Second, Chris advised us to stay open and curious in spirit. Not to shut down, but to continue to look outwards, to be open-minded and open-hearted.
Third, he reminded us how important it is to keep our sense of humour. Laughter, he said, is a strong antidote to hate.
Fourth, he reminded us that as writers, our only job is to tell a stranger a story. We are storytellers, and storytellers are the most powerful opinion informers that we have. So use that power, he said, but use it to tell the gentle human story, with empathy and sensitivity and honesty.
Point five was, to me, the most important one. “Writers: cherish one another,” Chris said. He urged us to help one another out, to learn from one another, to respect one another. He reminded us that sneering reviews of books and stories are often written by other writers. He encouraged us to make our egos small and our eyes and ears big. To remember our place in the scheme of things, and to know that that place is not bigger than anyone else’s.

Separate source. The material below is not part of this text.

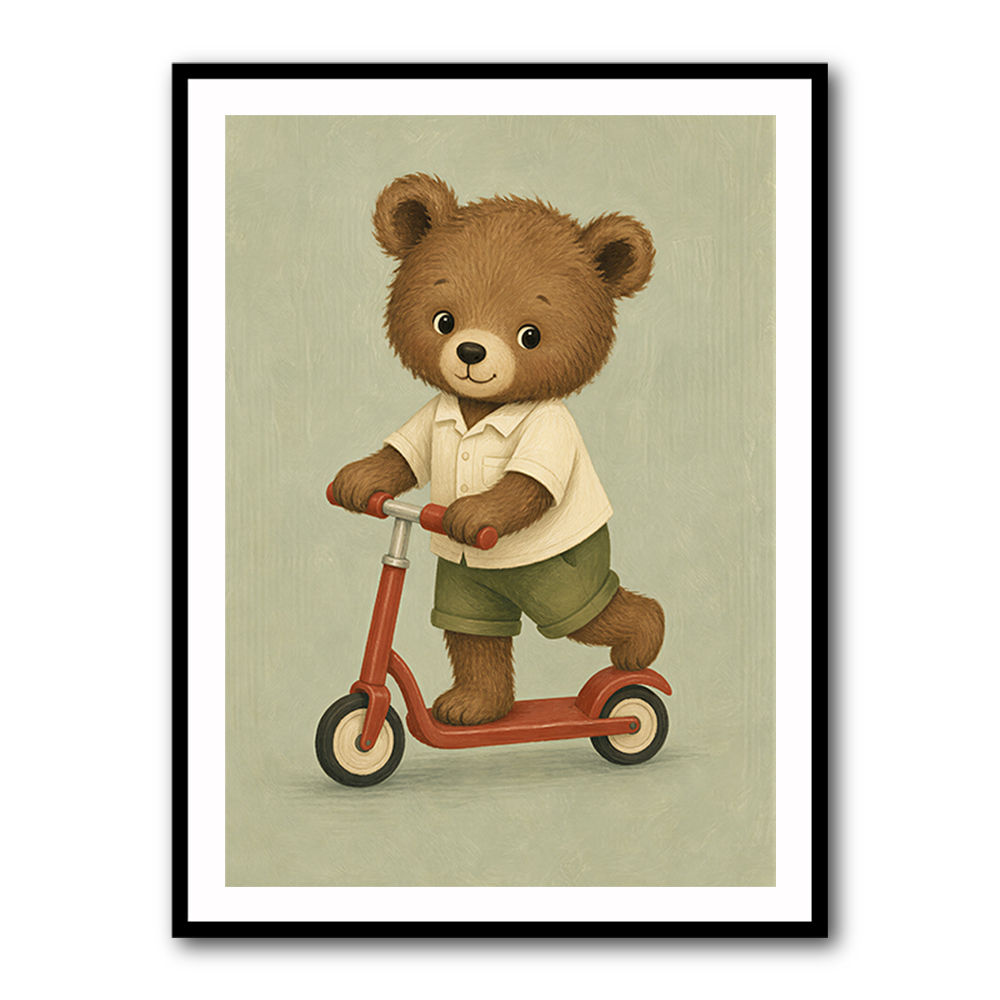 Bear on Scooter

All is not lost, he concluded. There is much we can do, even when we feel small and at the mercy of forces larger than ourselves. We can make a difference.
I want to leave you with a poem about change and uncertainty that has resonated with me.
Stand still. The trees ahead and bushes beside you
Are not lost. Wherever you are is called Here,
And you must treat it as a powerful stranger,
Must ask permission to know it and be known.
The forest breathes. Listen. It answers,
I have made this place around you,
If you leave it you may come back again, saying Here.
No two trees are the same to Raven.
No two branches are the same to Wren.
If what a tree or a bush does is lost on you,
You are surely lost. Stand still. The forest knows
Where you are. You must let it find you.